§ **REQUIREMENT**
Look through the data below for the line with "Foto homem barbudo", and transcribe it exactly together with each line after it up to and including the line with "Rosa Handcreme-Tube und". Give nothing else.

§ **INPUT MATERIAL**

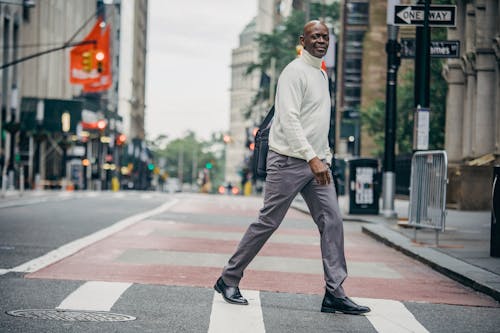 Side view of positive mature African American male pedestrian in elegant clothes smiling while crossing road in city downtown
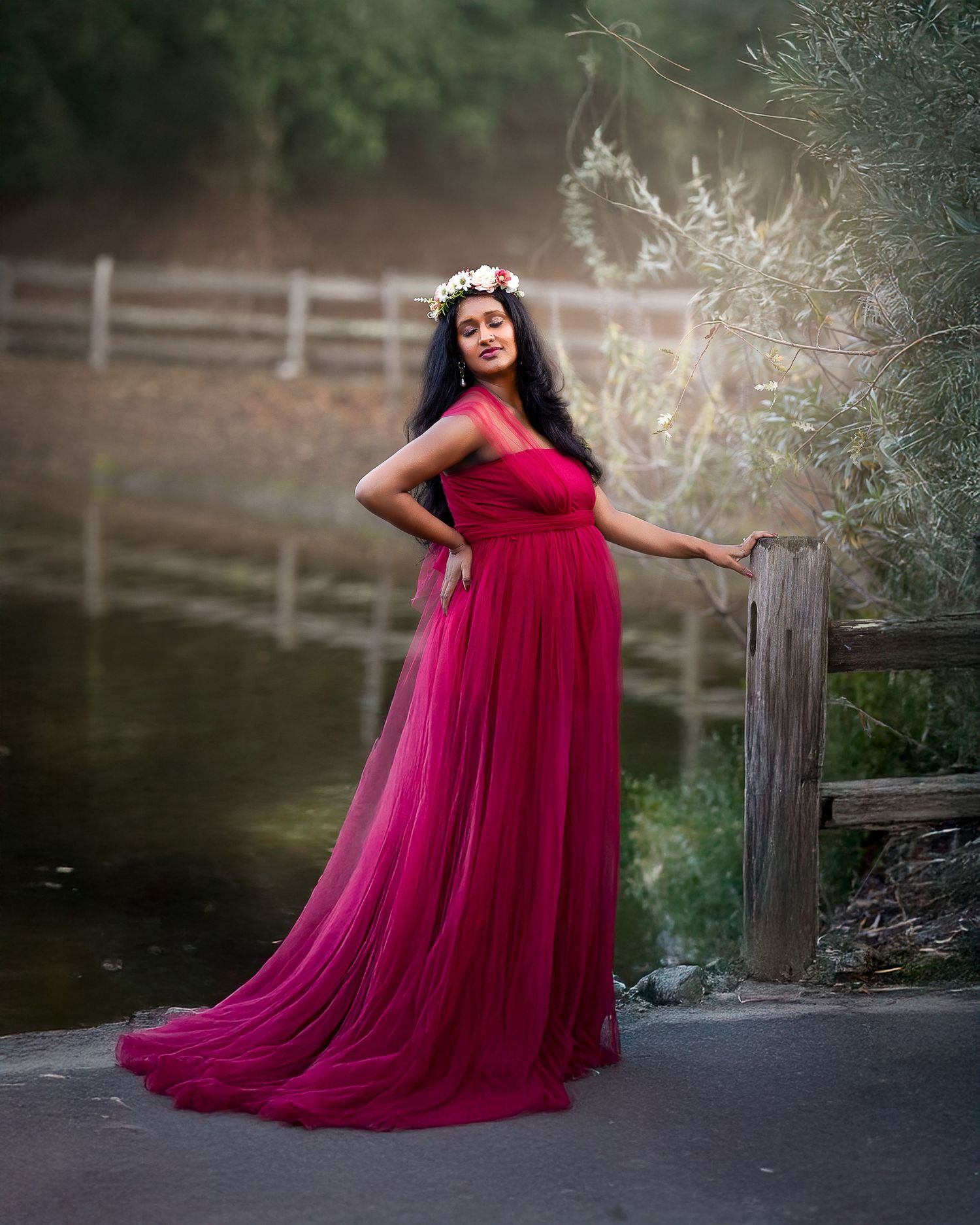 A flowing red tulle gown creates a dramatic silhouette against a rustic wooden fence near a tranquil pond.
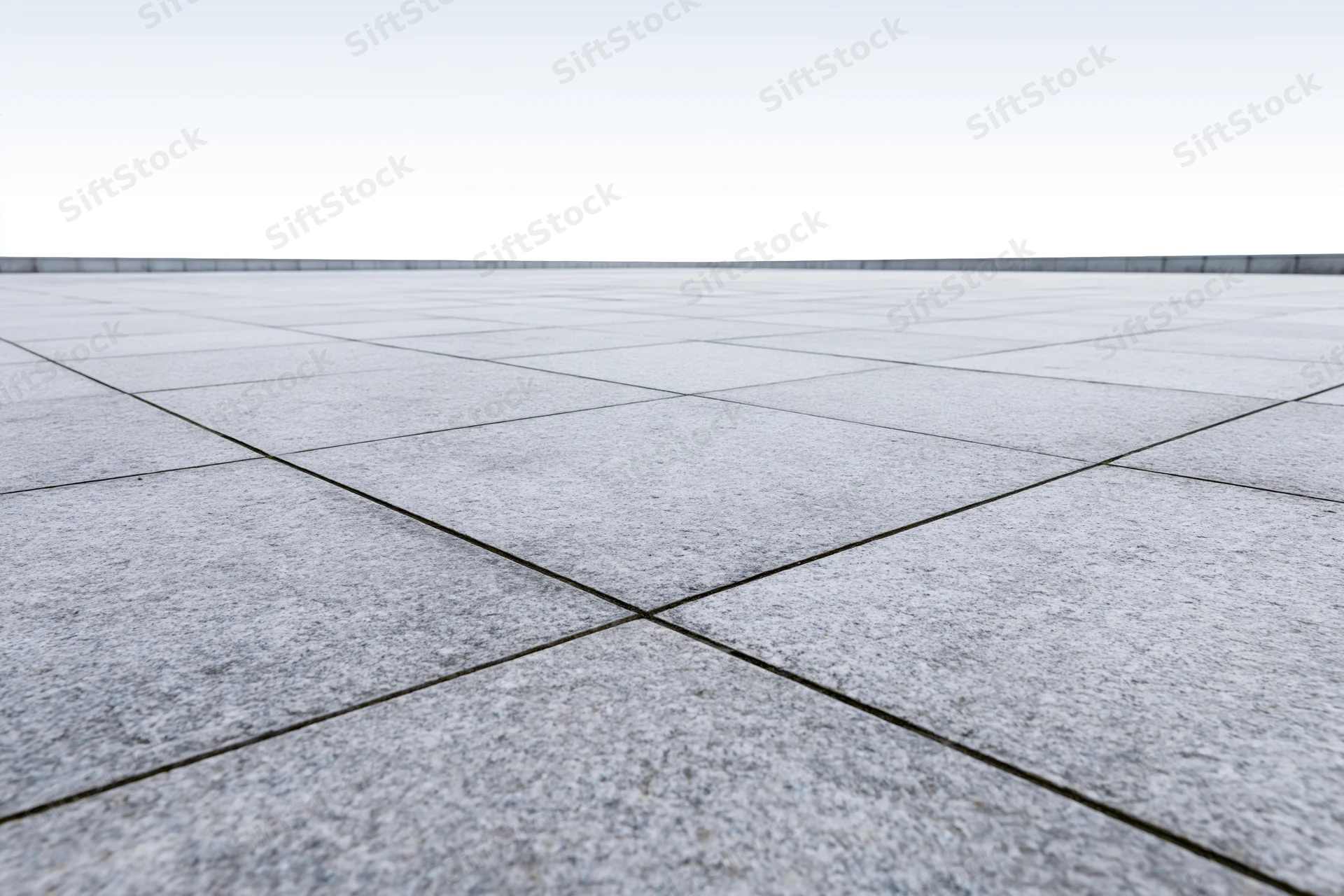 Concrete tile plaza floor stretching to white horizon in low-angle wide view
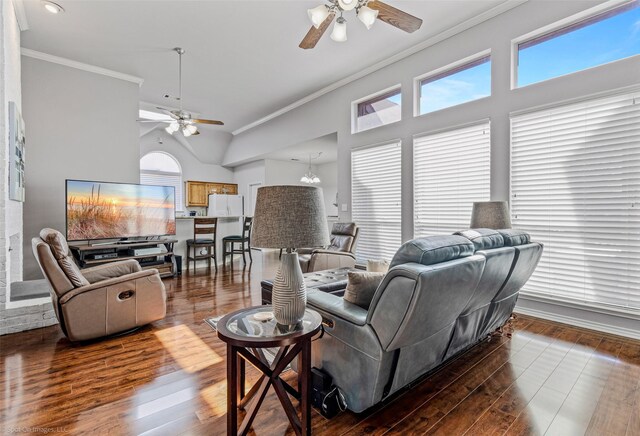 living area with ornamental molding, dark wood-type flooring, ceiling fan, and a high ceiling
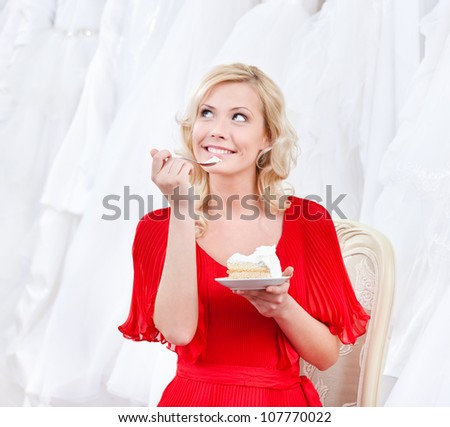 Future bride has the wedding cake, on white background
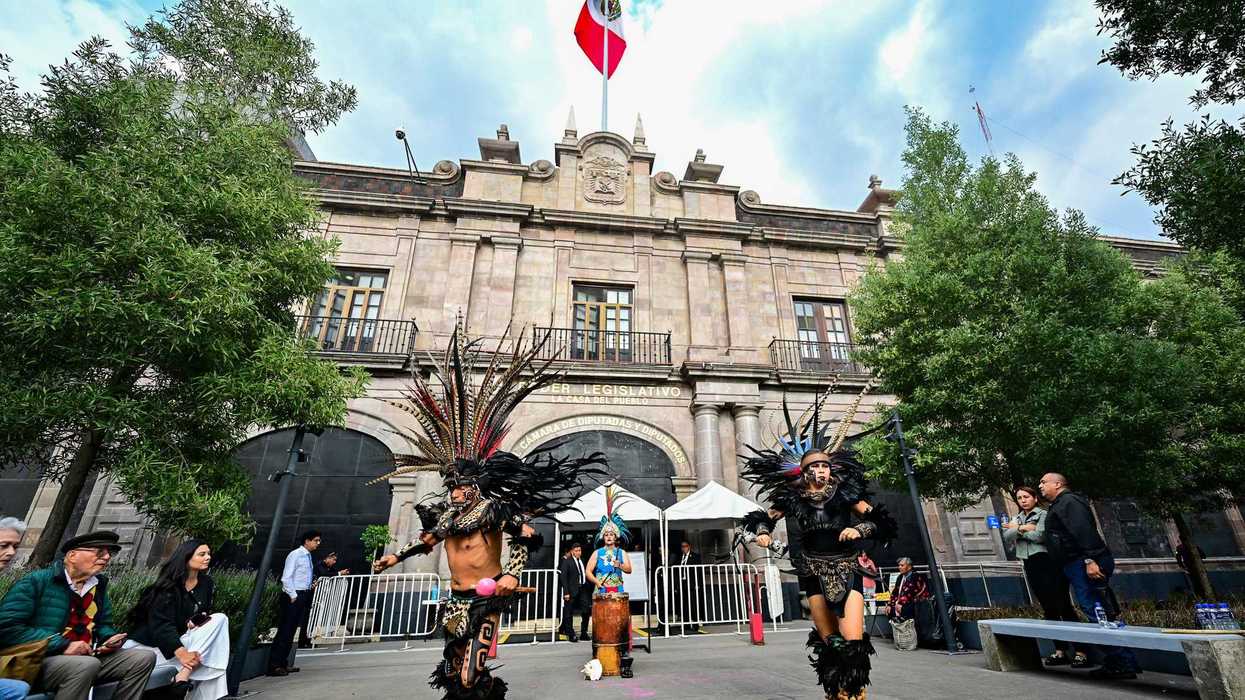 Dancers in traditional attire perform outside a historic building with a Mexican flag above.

==

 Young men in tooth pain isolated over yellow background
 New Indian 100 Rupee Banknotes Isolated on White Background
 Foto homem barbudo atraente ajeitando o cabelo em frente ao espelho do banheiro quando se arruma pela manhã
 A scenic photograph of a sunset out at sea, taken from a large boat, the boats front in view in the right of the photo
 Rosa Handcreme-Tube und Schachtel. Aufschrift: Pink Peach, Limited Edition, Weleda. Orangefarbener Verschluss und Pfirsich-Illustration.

§ **EXERCISE SOLUTION**
 Foto homem barbudo atraente ajeitando o cabelo em frente ao espelho do banheiro quando se arruma pela manhã
 A scenic photograph of a sunset out at sea, taken from a large boat, the boats front in view in the right of the photo
 Rosa Handcreme-Tube und Schachtel. Aufschrift: Pink Peach, Limited Edition, Weleda. Orangefarbener Verschluss und Pfirsich-Illustration.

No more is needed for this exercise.